The war itself has followed a racial arithmetic. Some of the first Russian soldiers to be killed in battle were ethnic Asians from eastern Russia, and many of those who have died since were forcibly conscripted Ukrainians from the Donbas. Ukrainian women and children have been deported to Russia because they are seen as assimilable, people who can bolster the ranks of white Russians. To starve Africans and Asians, as Putin sees it, is a way to transfer the demographic stress to Europe by way of a wave of refugees fleeing hunger. The Russian bombing of Syrian civilians followed a similar logic.

Nothing in the hunger plan is hidden. At the St. Petersburg International Economic Forum in June 2022, Margarita Simonyan, editor in chief of the state-run network RT, said that all of our hope lies in famine. As the skilled propagandist understands, the point of starving Africans and Asians is to create a backdrop for propaganda. As they begin to die, Ukrainians will be scapegoated. This might or might not work. All past fantasies about Ukraine and its foodstuffs were at one time believed by influential people. Russian propaganda today has an edge in the global South. In much of Africa, Russia is a known quantity, whereas Ukraine is not. Few African leaders have publicly opposed Putins war, and some might be persuaded to parrot his talking points. Across the global South, it is not widely known that Ukraine is a leading exporter of foodnor that it is a poor country with a GDP per capita comparable to that of the countries it feeds, such as Egypt and Algeria.

There is some reason for hope. Ukrainians have been trying to communicate the reality of their position to people in the global South, so that they can speak the truth about Moscows hunger plan and thereby make it impossible. And as Ukraine has gained better weapons from the United States and Europe, Russias hold on the Black Sea has weakened. In July, Ukraine and Russia signed agreements with Turkey that should, in principle, allow some Ukrainian grain to leave the Black Sea and feed Africans and Asians. Yet the day after it signed the agreement, Russia fired missiles at the port of Odessa, from which Ukraine ships much of its grain. A few days after that, Russia killed Ukraines leading agribusinessman in a missile strike. The only sure way to feed the world is for Ukrainian soldiers to fight their way through the province of Kherson to the Black Sea and to victory.

Ukraine is fighting a war against a tyranny that is also a colonial power. Self-rule means not just defending the democratic principle of choosing ones own rulers but also respecting the equality of states. Russian leaders have been clear that they believe that only some states are sovereign, and that Ukraine is nothing more than a colony. A Ukrainian victory would defend Ukrainian sovereignty in particular and the principle of sovereignty in general.
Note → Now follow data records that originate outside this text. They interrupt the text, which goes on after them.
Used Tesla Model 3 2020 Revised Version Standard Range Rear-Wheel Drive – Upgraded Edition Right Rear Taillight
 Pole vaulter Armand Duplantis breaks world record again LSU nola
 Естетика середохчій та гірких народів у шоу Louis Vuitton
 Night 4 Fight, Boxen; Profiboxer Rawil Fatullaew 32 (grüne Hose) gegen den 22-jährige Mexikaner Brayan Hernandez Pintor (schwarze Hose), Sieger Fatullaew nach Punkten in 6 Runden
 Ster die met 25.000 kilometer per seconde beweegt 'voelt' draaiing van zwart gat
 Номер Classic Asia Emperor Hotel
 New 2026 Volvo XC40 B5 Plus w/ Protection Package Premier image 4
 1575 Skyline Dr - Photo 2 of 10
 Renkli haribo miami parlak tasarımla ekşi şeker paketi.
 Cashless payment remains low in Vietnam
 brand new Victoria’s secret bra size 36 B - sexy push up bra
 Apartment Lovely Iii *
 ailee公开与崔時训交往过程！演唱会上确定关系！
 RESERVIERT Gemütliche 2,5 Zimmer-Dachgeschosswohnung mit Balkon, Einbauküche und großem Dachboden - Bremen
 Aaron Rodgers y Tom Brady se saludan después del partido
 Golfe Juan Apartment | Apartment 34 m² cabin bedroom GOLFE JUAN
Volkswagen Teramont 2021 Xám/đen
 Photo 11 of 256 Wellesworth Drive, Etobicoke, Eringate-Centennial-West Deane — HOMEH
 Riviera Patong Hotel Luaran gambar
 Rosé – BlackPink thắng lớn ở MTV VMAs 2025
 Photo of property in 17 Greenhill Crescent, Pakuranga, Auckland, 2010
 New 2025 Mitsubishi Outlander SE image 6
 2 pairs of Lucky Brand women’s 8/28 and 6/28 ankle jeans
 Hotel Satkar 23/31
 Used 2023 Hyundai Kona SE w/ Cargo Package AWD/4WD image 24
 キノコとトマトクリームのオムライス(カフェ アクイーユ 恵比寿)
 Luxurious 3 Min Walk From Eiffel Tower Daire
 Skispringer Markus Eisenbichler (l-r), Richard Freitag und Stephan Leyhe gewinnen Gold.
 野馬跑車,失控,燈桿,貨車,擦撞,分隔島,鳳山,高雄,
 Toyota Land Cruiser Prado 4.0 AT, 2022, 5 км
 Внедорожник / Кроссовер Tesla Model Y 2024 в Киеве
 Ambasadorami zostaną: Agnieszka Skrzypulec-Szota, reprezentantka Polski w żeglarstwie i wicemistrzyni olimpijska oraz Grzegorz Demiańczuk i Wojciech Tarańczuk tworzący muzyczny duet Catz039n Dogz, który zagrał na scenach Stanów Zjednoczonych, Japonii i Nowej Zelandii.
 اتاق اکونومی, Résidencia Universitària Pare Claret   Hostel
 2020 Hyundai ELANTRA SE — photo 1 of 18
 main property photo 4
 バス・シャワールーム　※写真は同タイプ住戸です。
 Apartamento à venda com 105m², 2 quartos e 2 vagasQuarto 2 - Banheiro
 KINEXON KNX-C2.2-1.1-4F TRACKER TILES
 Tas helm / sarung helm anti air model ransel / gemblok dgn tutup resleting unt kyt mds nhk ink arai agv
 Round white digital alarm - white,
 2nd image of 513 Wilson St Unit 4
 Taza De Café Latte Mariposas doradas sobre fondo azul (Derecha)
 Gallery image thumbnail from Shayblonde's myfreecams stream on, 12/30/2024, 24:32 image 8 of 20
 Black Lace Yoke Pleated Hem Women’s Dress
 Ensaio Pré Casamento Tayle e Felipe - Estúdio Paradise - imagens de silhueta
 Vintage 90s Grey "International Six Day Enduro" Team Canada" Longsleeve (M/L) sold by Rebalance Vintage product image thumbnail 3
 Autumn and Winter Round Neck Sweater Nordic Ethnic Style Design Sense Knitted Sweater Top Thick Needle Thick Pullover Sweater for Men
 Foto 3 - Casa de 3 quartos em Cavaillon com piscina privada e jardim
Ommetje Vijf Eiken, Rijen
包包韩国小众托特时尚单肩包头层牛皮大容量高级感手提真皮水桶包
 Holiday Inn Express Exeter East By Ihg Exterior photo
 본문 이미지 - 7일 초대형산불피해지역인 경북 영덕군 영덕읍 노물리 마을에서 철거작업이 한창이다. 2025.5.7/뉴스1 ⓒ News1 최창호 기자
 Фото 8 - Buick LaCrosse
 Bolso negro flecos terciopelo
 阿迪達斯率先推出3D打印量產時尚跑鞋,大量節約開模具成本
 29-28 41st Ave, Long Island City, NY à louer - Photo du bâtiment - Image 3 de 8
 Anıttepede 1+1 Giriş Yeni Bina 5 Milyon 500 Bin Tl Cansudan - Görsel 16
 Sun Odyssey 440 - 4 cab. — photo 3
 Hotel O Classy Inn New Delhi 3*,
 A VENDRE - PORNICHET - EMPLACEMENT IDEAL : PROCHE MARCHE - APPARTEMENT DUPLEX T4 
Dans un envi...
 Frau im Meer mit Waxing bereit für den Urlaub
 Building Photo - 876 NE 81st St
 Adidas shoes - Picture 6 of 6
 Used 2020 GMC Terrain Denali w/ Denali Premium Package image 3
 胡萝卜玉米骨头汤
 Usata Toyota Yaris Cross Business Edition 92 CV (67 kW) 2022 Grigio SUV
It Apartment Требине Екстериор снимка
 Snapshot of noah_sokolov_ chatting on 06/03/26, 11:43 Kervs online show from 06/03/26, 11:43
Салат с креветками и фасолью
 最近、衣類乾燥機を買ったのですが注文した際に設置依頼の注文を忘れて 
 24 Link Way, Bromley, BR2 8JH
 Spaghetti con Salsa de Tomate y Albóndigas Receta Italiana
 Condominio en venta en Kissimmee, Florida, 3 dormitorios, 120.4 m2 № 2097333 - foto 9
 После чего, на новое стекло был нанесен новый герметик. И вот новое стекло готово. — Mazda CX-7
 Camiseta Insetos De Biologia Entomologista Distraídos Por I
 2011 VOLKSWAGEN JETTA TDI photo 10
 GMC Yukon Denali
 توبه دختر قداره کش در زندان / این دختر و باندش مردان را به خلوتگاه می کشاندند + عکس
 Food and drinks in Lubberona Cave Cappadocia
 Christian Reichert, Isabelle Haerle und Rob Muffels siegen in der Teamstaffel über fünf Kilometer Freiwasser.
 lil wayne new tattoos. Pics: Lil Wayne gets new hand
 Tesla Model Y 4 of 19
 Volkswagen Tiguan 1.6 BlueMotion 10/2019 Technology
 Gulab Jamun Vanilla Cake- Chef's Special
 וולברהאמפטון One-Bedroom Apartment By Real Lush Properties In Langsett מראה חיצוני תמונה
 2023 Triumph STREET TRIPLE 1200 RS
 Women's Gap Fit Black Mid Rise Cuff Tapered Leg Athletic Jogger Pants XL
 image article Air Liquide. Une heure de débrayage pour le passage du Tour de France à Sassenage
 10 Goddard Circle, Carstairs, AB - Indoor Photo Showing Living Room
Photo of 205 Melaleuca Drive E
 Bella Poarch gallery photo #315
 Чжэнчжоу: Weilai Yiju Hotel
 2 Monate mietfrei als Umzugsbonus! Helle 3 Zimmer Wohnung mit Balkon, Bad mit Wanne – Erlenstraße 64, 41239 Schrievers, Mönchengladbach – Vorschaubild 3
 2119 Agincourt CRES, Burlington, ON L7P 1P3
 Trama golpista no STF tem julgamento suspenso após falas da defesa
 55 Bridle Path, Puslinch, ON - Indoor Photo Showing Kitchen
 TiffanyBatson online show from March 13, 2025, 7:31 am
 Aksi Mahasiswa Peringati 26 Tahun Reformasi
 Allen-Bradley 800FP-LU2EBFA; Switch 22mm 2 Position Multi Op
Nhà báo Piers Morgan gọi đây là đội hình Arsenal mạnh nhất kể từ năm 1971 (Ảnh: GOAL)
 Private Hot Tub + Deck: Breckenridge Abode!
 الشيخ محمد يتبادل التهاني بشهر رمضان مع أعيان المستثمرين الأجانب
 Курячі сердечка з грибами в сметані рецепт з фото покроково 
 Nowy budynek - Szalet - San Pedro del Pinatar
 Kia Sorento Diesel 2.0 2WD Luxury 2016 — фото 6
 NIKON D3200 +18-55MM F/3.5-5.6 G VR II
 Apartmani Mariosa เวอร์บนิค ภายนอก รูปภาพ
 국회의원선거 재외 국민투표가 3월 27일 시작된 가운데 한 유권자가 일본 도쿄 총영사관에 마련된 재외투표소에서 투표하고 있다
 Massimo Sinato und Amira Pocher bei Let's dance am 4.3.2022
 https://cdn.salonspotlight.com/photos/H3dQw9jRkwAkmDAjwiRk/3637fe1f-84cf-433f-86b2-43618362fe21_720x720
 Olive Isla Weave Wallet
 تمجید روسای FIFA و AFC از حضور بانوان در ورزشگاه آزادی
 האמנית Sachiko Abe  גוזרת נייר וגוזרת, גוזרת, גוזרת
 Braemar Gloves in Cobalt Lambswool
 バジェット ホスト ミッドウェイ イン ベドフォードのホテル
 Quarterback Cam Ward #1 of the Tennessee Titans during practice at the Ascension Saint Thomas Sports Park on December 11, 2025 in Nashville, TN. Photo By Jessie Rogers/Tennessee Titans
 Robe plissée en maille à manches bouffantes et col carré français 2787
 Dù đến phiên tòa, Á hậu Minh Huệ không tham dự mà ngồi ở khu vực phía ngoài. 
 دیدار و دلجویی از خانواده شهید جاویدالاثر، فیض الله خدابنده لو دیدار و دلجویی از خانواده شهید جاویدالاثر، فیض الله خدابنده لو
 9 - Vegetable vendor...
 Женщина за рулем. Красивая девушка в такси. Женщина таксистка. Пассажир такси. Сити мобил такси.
It would also improve the prospects of other post-colonial states. As the economist Amartya Sen has argued, imperial famines result from political choices about distribution, not shortages of food. If Ukraine wins, it will resume exporting foodstuffs to the global South. By removing a great risk of suffering and instability in the global South, a victorious Ukraine would preserve the possibility of global cooperation on shared problems such as climate change.

For Europe, it is also essential that Ukraine win and Russia lose. The European Union is a collection of post-imperial states: some of them former imperial metropoles, some of them post-imperial peripheries. Ukrainians understand that joining the European Union is the way to secure statehood from a vulnerable peripheral position. Victory for Ukraine will have to involve a prospect of EU membership. As many Russians understand, Russia must lose, and for similar reasons. The European states that today pride themselves on their traditions of law and tolerance only truly became democracies after losing their last imperial war. A Russia that is fighting an imperial war in Ukraine can never embrace the rule of law, and a Russia that controls Ukrainian territory will never allow free elections. A Russia that loses such a war, one in which Putinism is a negative legacy, has a chance. Despite what Russian propaganda claims, Moscow loses wars with some frequency, and every period of reform in modern Russian history has followed a military defeat.

Most urgently, a Ukrainian victory is needed to prevent further death and atrocity in Ukraine. But the outcome of the war matters throughout the world, not just in the physical realm of pain and hunger but also in the realm of values, where possible futures are enabled. Ukrainian resistance reminds us that democracy is about human risk and human principles, and a Ukrainian victory would give democracy a fresh wind. The Ukrainian trident, which adorns the uniforms of Ukrainians now at war, extends back through the countrys traditions into ancient history, providing references that can be used to rethink and revive democracy.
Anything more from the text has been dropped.